Patrick Ebert         Kevin Schuver         Perfect Game Tournament Staff        
Photo: Perfect Game

2017 WWBA Kernels Foundation Championship: Daily Leaders | Day 1 Notes | Day 2 Notes

Hitters Baseball advanced to the playoffs early on Sunday morning by beating Cangelosi Sparks 2018 White by a score of 5-0 and winning their pool. The mighty bats in the Hitters lineup didn’t come alive until the bottom of the sixth inning, putting up a four-spot on the board.

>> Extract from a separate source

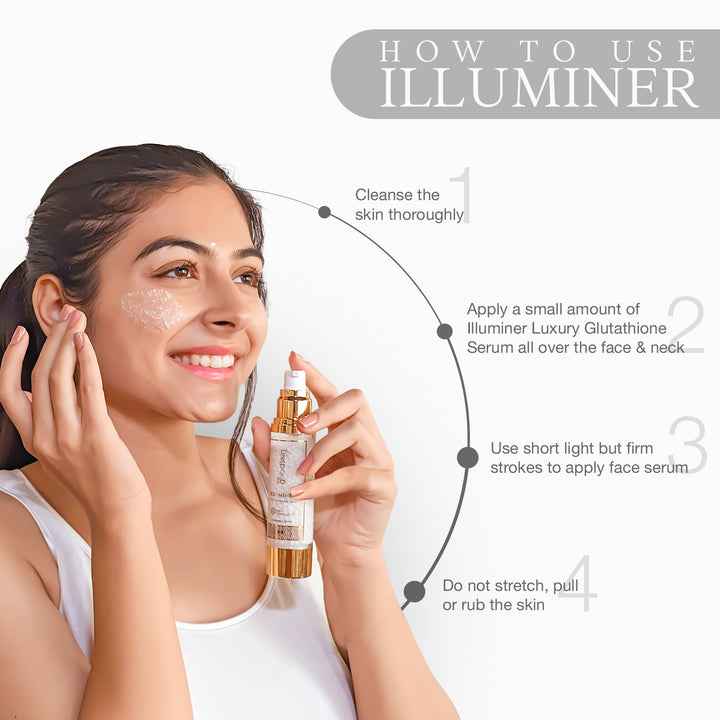 The Goodskin Co Illuminer- Luxury Glutathione Serum The Goodskin Co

After A.J. Vukovich (2019, Mukwonago, Wis.) reached on a walk Alex Binelas (2018, Oak Creek, Wis.) blasted a two-run shot, his first hit of the game and only his second of the tournament. The ball left the yard in a hurry, as Binelas displayed his incredible hand speed and strength and overall bat speed on the swing. A well-built and still athletic 6-foot-2, 200-pound Louisville recruit, Binelas has filled in nicely over the last two years, having played for the Hitters squad as a sophomore when they claimed the championship at this event in 2015. He also made a very nice play defensively at third base on a bunt attempt, showing good instincts and quickness charging the ball, scooping it and firing a strike to first base nail the runner.

Vukovich, who was profiled in the Day 2 recap, hit another extra-base hit in this game, a double he hit to the gap in left-center, a popular destination for many of the balls he strikes with authority. Detailed in the scouting recaps two weeks ago at the Midwest Underclass Qualifier, Vukovich has such easy power thanks to his towering yet still projectable 6-foot-4, 190-pound frame, and it’s scary to envision the future Louisville Cardinals lineup that has Vukovich and Binelas hitting in the middle of it terrorizing ACC pitchers.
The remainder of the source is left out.